In my undergraduate environmental economics class at UCLA, I ask my students to discuss whether buying a Prius could increase their gasoline consumption and thus increase their greenhouse gas production.    David Owen would argue that it certainly could.  Suppose that I used to drive a vehicle that achieved only 25 MPG.  If gasoline is priced at $3 per gallon, then I used to pay 12 cents per mile of driving. If I now purchase a Prius that achieves 50 MPG, and gas prices continue to be $3 per gallon, then I will now pay a price of 6 cents per mile of driving.  This 50% reduce in the price of driving is likely to encourage me to drive more.   But, will my overall gasoline consumption actually rise? It only would if I respond to this reduction in the price per mile of driving by more than doubling my mileage.   Why?  Suppose I used to drive my 25 MPG vehicle 10,000 miles per year.  I would need to buy 400 gallons of gasoline for this driving. If I now drive my Prius 25,000 miles per year (more than double) then indeed David Owen would be right as he would observe that my gasoline consumption has increased to 500 gallons per year.  No empirical economist believes that the demand for driving is so responsive to this incentive effect.

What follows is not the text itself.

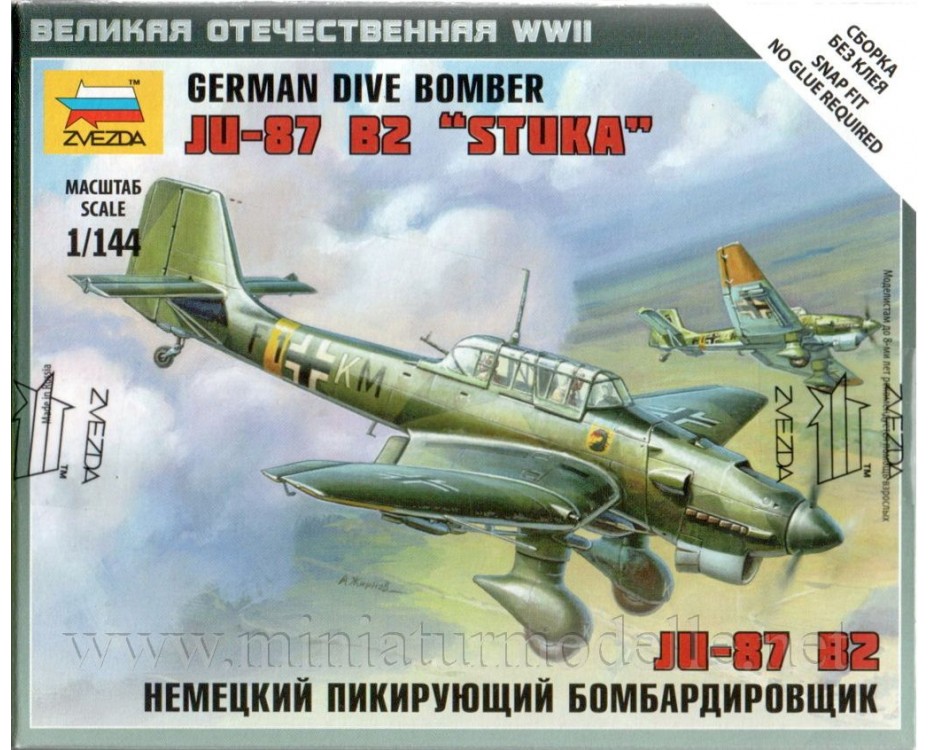 Junkers Zvezda 6123 Ju-87B-2 Stuka /german dive bomber/ 1/144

In the case of car driving, remember that somebody has to drive the car!  Suppose that you can drive at 30 miles per hour in your city.  To drive 10,000 miles per year will require 333 of your precious hours. While to drive a Prius 25,000 miles would require over 800 hours.   Remember that time is money!  Suppose that for every hour you drive that you could have worked and earned a wage of $20 per hour.   Will owning the Prius really increase your driving?  A mile of driving a Prius costs you 6 cents of fuel and at 30 miles per hour costs you 2 minutes of time which valued at 33 cents a minute (20/60) equals 66 cents. So the total cost per mile is 72 cents.   A mile of driving of your old MPG vehicle costs you 12 cents of fuel and 66 cents in lost time so the total cost is 78 cents.  This reduction in total cost from 78 cents to 72 cents is tiny. As shown by this arithmetic, the “rebound effect” is swamped by the value of time.

While I enjoyed reading David Owen’s piece and I’m a full fan of rediscovering old economists such as Jevons (in fact I hope that in the year 2300 that my current work such as Climatopolis will be rediscovered), Owens exaggerates the importance of the “rebound effect”.  Recall that the rebound effect makes the counter-intuitive claim that increases in energy efficiency increase energy consumption.

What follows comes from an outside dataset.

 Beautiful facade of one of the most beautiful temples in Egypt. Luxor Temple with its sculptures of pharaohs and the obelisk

For products that require our time to use (such as driving) or for which we have limited demand (refrigerators), I do not believe that the rebound effect is an important issue.  Consider another example,  building energy codes. In California, new construction has faced more stringent energy efficiency standards. In this case, there is no “rebound effect”.   No Don Trump builds a bigger building because energy efficiency per square foot has increased.

There are certainly cases in which David Owen is right.  Consider the washing machine for clothes and dishes.   As washing machines become more efficient and cheaper to operate, people do more loads of wash. This technology saves us time and people have a very high demand for clean underwear!   Consider a central air conditioning system.  There are people who would love to set their thermostat at 65 degrees on a hot summer day. In the past , when AC units were inefficient this would have cost a fortune. As air conditioning units become more energy efficient, some people may choose to lower their summer thermostat reading. While such diversity exists, the average person will choose to have a lower energy bill.  My bottom line is that energy efficiency improvements will shrink our carbon footprint.